# "fertilized" gravel?



## Bludypoo (Jun 21, 2014)

Hello All,

I'm very new to planted aquariums but not knew to fishkeeping in general. I've read various threads/pages on substrates and their importance (important) but have a couple of questions.

Most threads I read are about starting a new planted set-up in which fresh everything is bought and a tank must be cycled. I never read any thing about a previously unplanted tank becoming planted.

My questions are: 

1. Will well used gravel work as a substrate? Gravel is full of fishfood/waste (things that normal plants love). Is it the same for underwater plants? Will a well used gravel work as a substrate?

If not, what does it lack? Will granule size make a huge difference? (i know it is pretty important)

2. I've seen instances where people will use only substrate (ADA Amazonia or what have you) and instances where there will be a layer of the substrate with a layer of sand or gravel over top. Is this purely for aesthetics/price? Will using only substrate as your "gravel" be harmful in anyway?

Thanks in advance! If my questions have been covered, please link me to the proper place!!


----------



## Michael (Jul 20, 2010)

Welcome to APC! You are asking the right questions.

1. Yes. Old tanks with a lot of mulm build-up in the gravel actually develop the same characteristics as soil substrate tanks.
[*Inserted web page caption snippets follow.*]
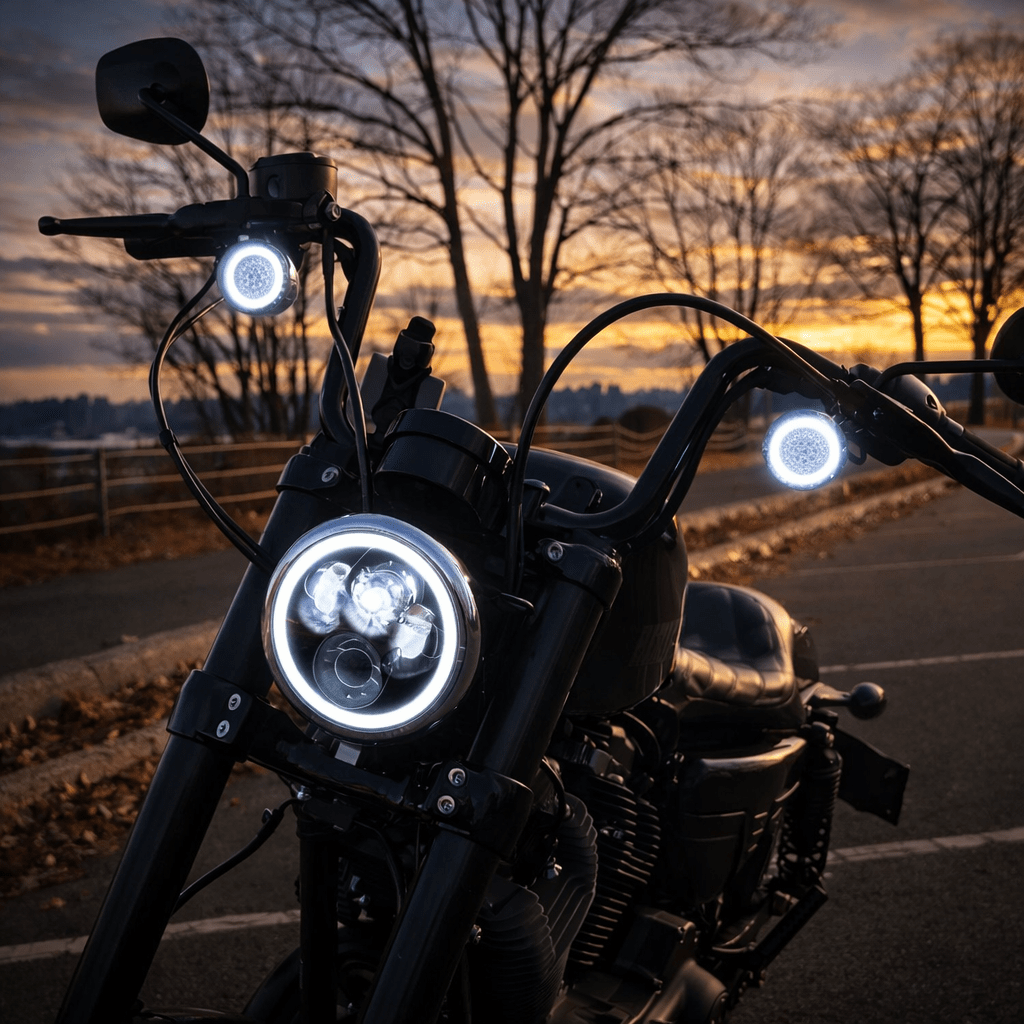 Eagle Lights 2” Front LED Turn Signal with Halo Running Light Kit for Harley-Davidson® - White Halo Ring / Amber Turn Signal / 1157 Base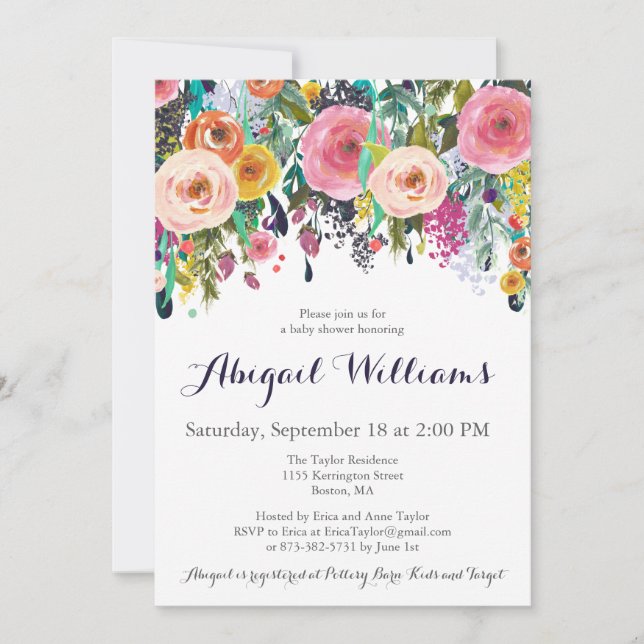 Colourful Flower Baby Shower Invitation Cards (Front)
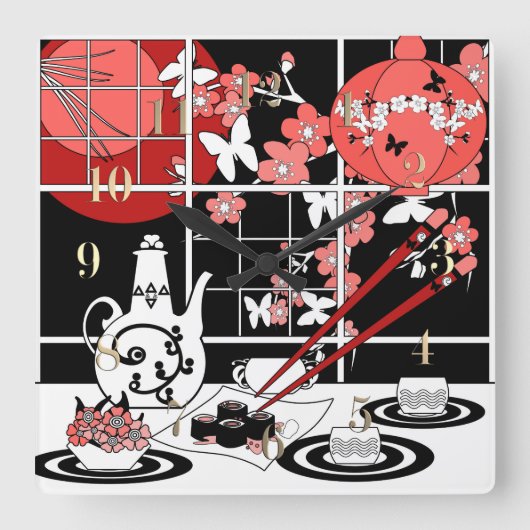 Japanse keuken vierkante klok (Voorkant)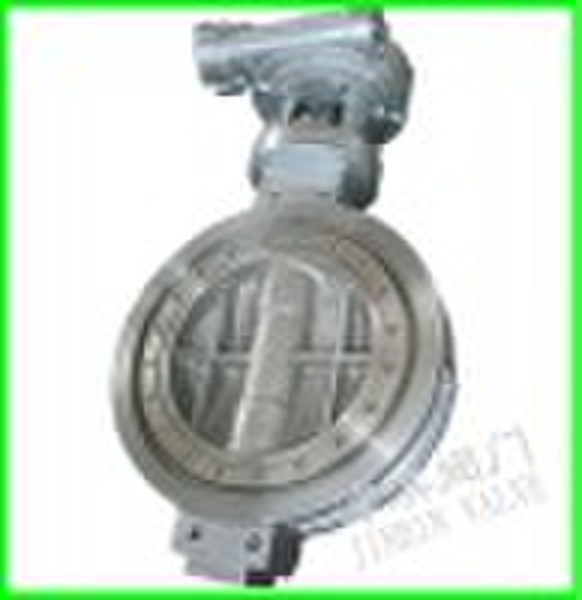 Worm actuated metal-seal butterfly valve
There may be specific nutrient deficiencies that need to be corrected, but these aren't likely to be important in a low-tech tank.

2. A cap is necessary for soil substrates to keep the soil in place, prevent it from clouding the water, and give a good anchor for new plants. ADA soil and most of the other proprietary substrates are designed to be used without a cap, but sometimes people add one for aesthetic purposes.


----------